Jordan Bentley

Personal information
- Date of birth: 30 April 1999 (age 27)
- Place of birth: Plymouth, England
- Position: Defender

Team information
- Current team: St Blazey

Senior career*
- Years: Team / Apps / (Gls)
- 2016–2019: Plymouth Argyle / 1 / (0)
- 2017: → Sutton United (loan) / 5 / (0)
- 2018–2019: → Truro City (loan) / 9 / (0)
- 2019–2020: Tiverton Town /  / (o)
- 2020–2022: Plymouth Parkway
- 2022–2025: Helston Athletic
- 2025–: St Blazey

= Jordan Bentley =

English footballer

Jordan Bentley (born 30 April 1999) is an English footballer who plays for St Blazey as a defender. He had previously played professionally after coming through the youth system at Plymouth Argyle.

== Career ==
Bentley made his first team debut in the final league game of the 2015–16 season as a 66th-minute substitute for Curtis Nelson in a 5–0 win over Hartlepool United. He made his full first team debut in an EFL Trophy group stage match away to Swansea City's under-23s, who won 2–0, in which he was sent off just before half time for two bookable offences. Bentley was sent on loan to Sutton United in September 2017, but was recalled by Argyle after a lack of match time.
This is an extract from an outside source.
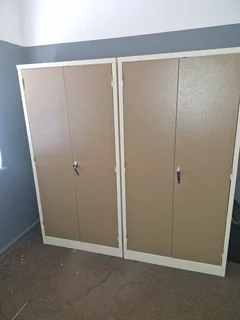 Metal Stationary Cabinets With Keys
On 23 January 2018, Bentley broke his leg after tackling a teammate in training, and was ruled out injured for 6 months. In the 2018-19 season, Bentley and fellow Argyle youth player Dan Rooney joined Truro City on loan in the National League South.

On 7 May 2019 Plymouth Argyle announced that Bentley had been forced to retire from the professional game due to persistent injuries.

On 13 July 2019 it was announced that Bentley had signed for semi-pro Tiverton Town, of the Southern League Premier South.

== Personal life ==
Jordan is the younger brother of fellow St Blazey defender Aaron Bentley, who had previously played for Plymouth Argyle, Truro City, and Plymouth Parkway.